[What this task involves]:
Set down a faithful copy of every record below, with no images.

[Raw data]:
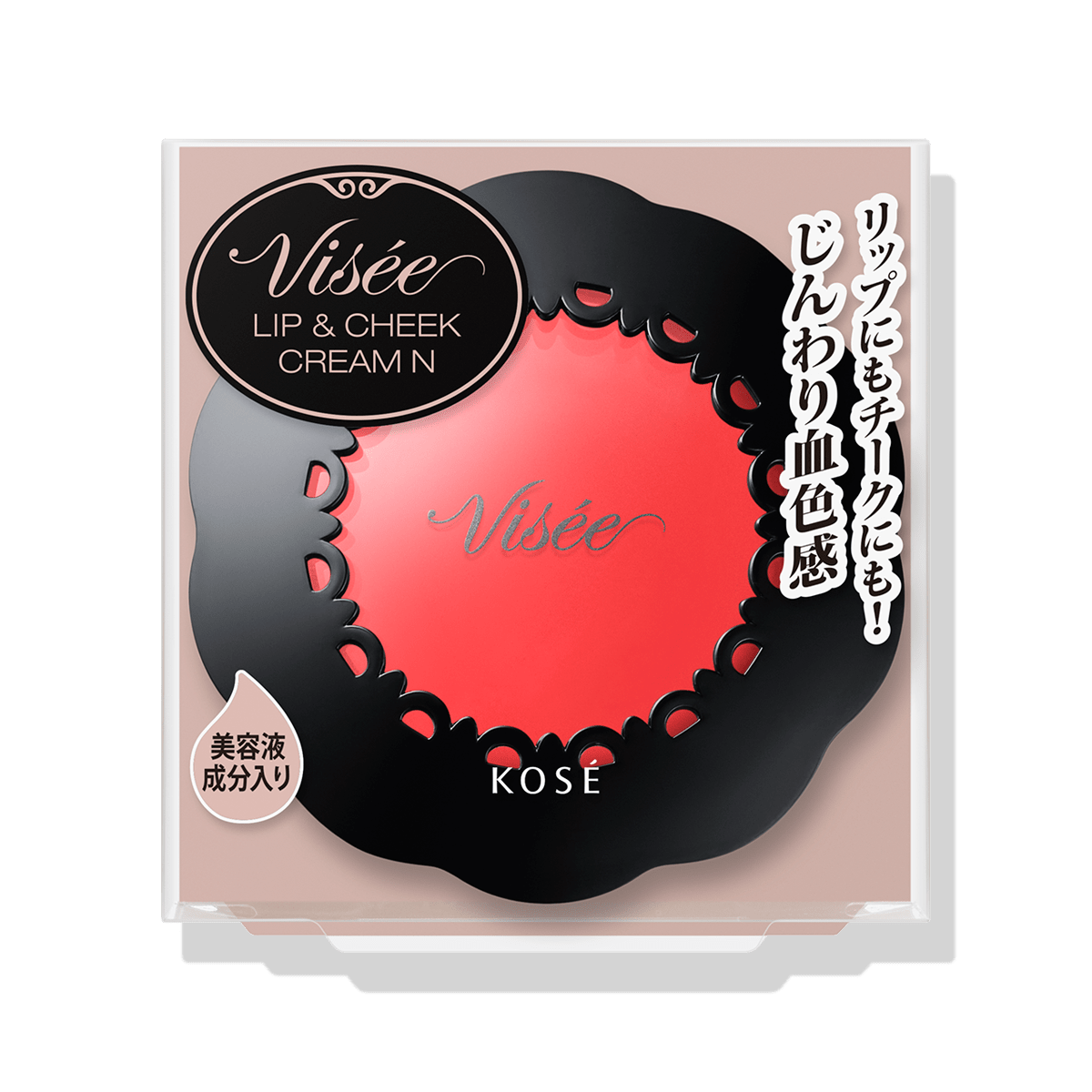 チーク　リップ　ヴィセ リップチーク | リップ＆チーククリーム N(LIP & CHEEK CREAM N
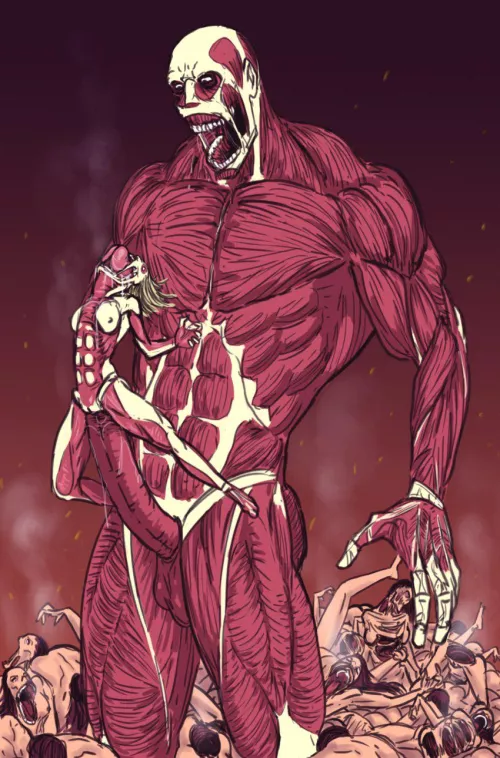 Killing the female titan by Gurifusu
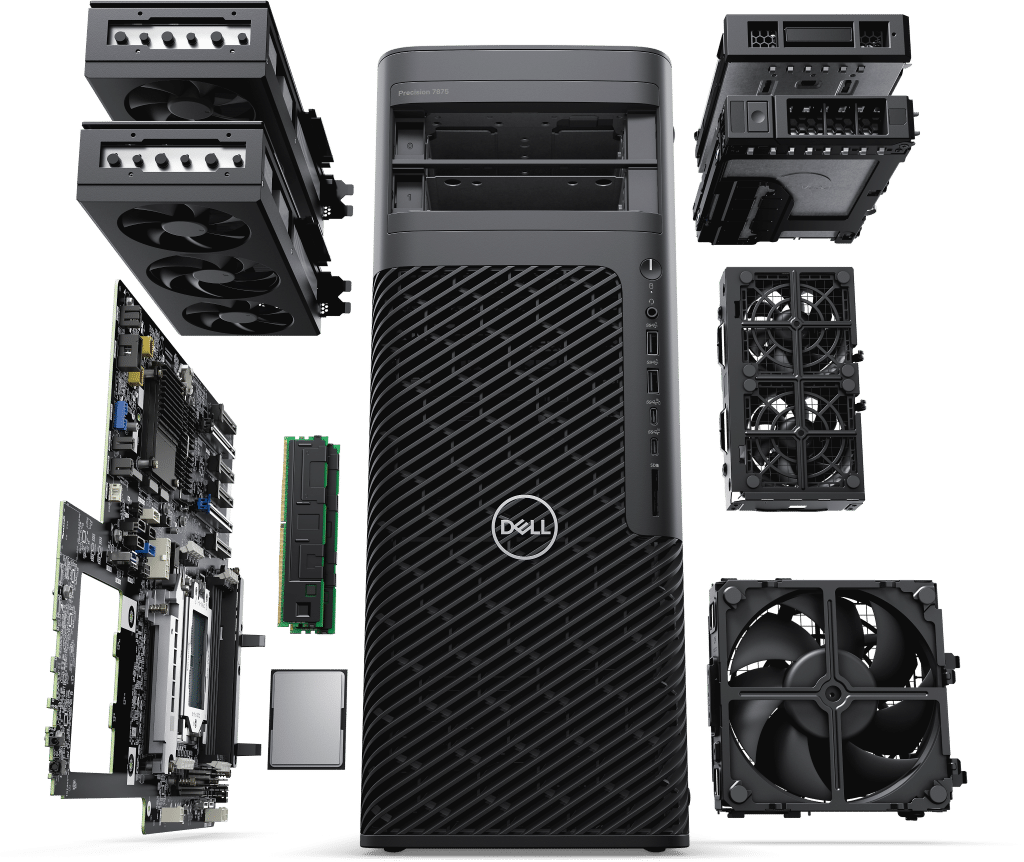 Dell Precision 7875 Tower Exploded view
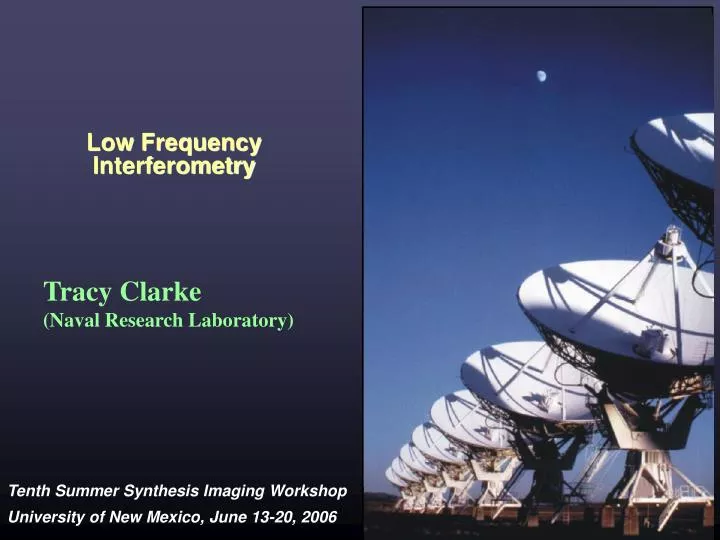 low frequency interferometry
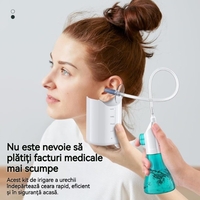 Dispozitiv de Curatare Urechi, Flippy, pentru Indepartare Ceara, Accesorii Incluse, din ABS+PC, Verde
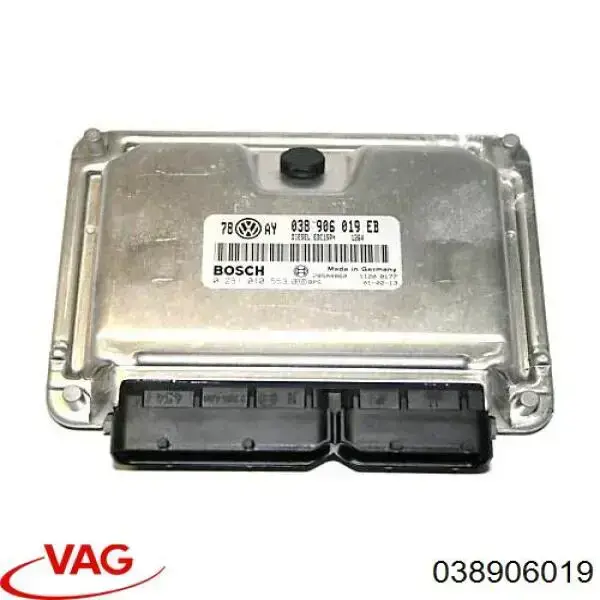 Módulo de direção (Centralina eletrônica) de motor 038906019 VAG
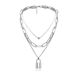 Women's Heart Retro Necklace Personality Multi Layer Alloy Necklace Creative Necklace Female_ipsvogv.com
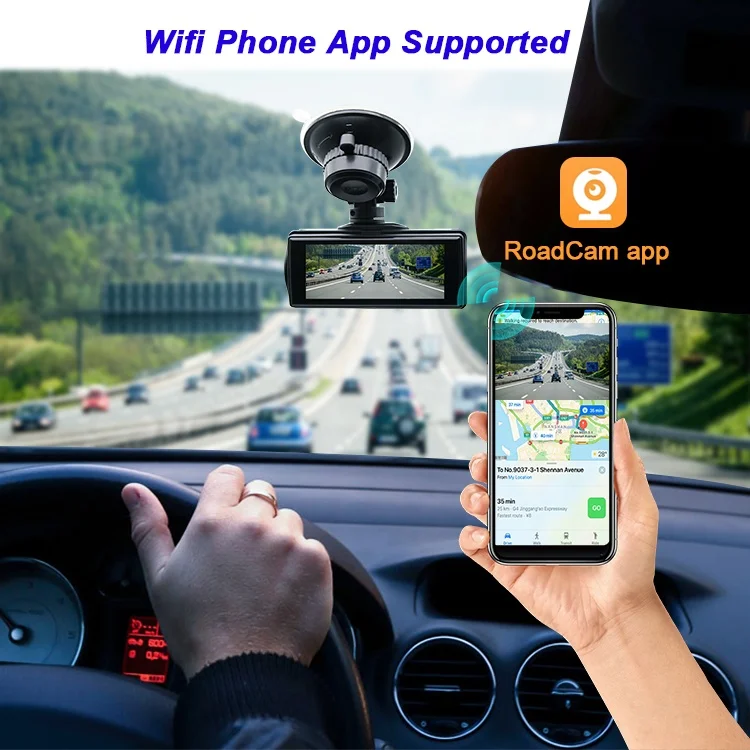 New 4k 1080p Car DashCam with GPS 3.16 Inch Ultra Hd 2160p 60fps wifi Car Dvr Camera Recorder With Night Vision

[Solved exercise]:
 チーク　リップ　ヴィセ リップチーク | リップ＆チーククリーム N(LIP & CHEEK CREAM N
 Killing the female titan by Gurifusu
 Dell Precision 7875 Tower Exploded view
 low frequency interferometry
 Dispozitiv de Curatare Urechi, Flippy, pentru Indepartare Ceara, Accesorii Incluse, din ABS+PC, Verde
 Módulo de direção (Centralina eletrônica) de motor 038906019 VAG
 Women's Heart Retro Necklace Personality Multi Layer Alloy Necklace Creative Necklace Female_ipsvogv.com
 New 4k 1080p Car DashCam with GPS 3.16 Inch Ultra Hd 2160p 60fps wifi Car Dvr Camera Recorder With Night Vision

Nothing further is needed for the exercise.